INFORMATION SHOWN.
BEGIN

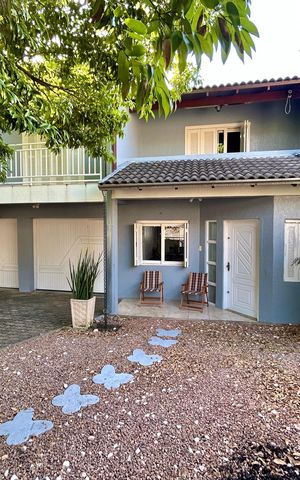 Casa à venda com 290m², 3 quartos e 3 vagasFachada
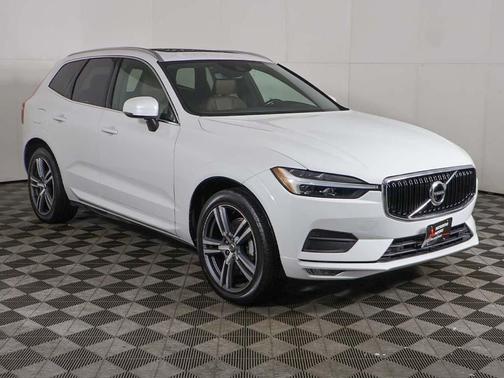 2021 Volvo XC60 T5 Momentum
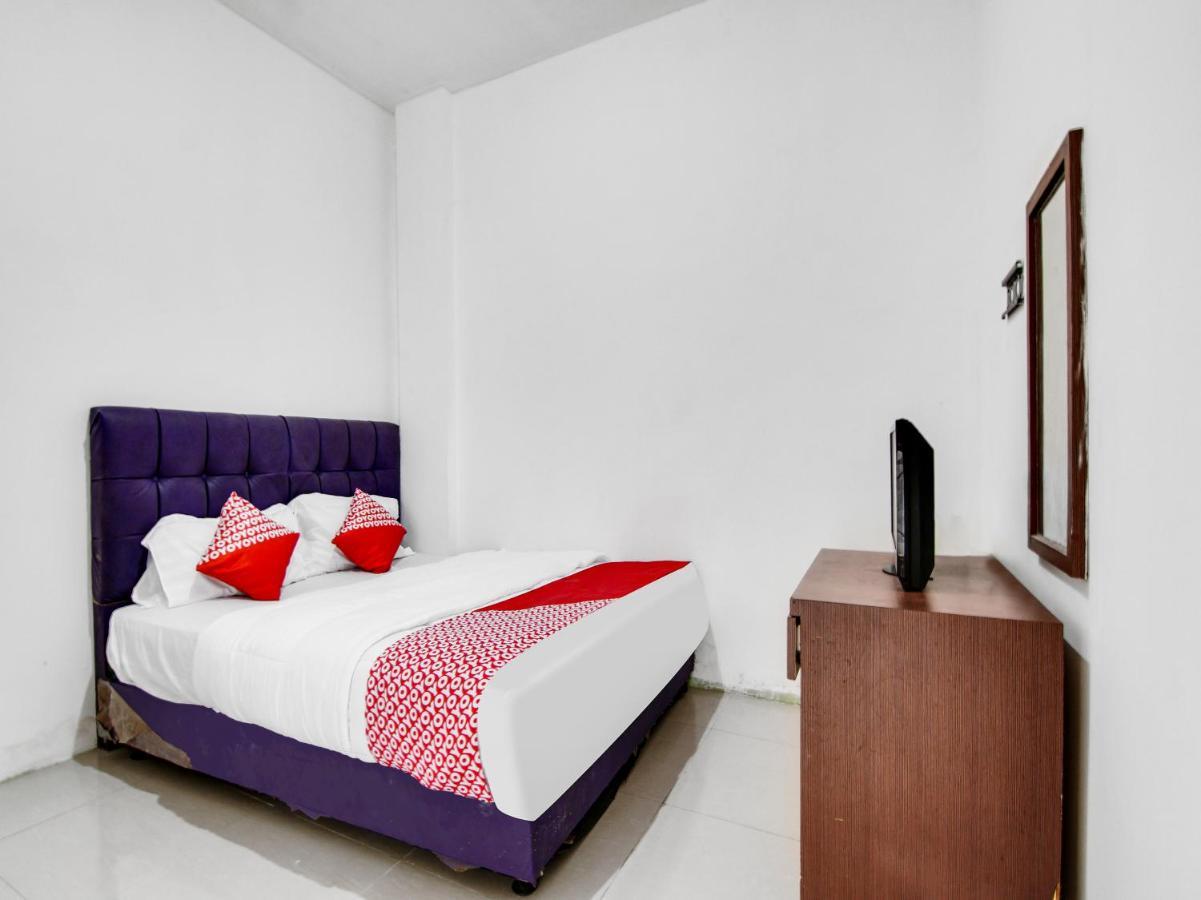 Oyo 90897 Hotel Sepupu Satria Пеканбару Екстериор снимка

END

TASK DIRECTIONS. Print the data once more without any change, skipping each picture.

REPLY TO THE EXERCISE.
 Casa à venda com 290m², 3 quartos e 3 vagasFachada
 2021 Volvo XC60 T5 Momentum
 Oyo 90897 Hotel Sepupu Satria Пеканбару Екстериор снимка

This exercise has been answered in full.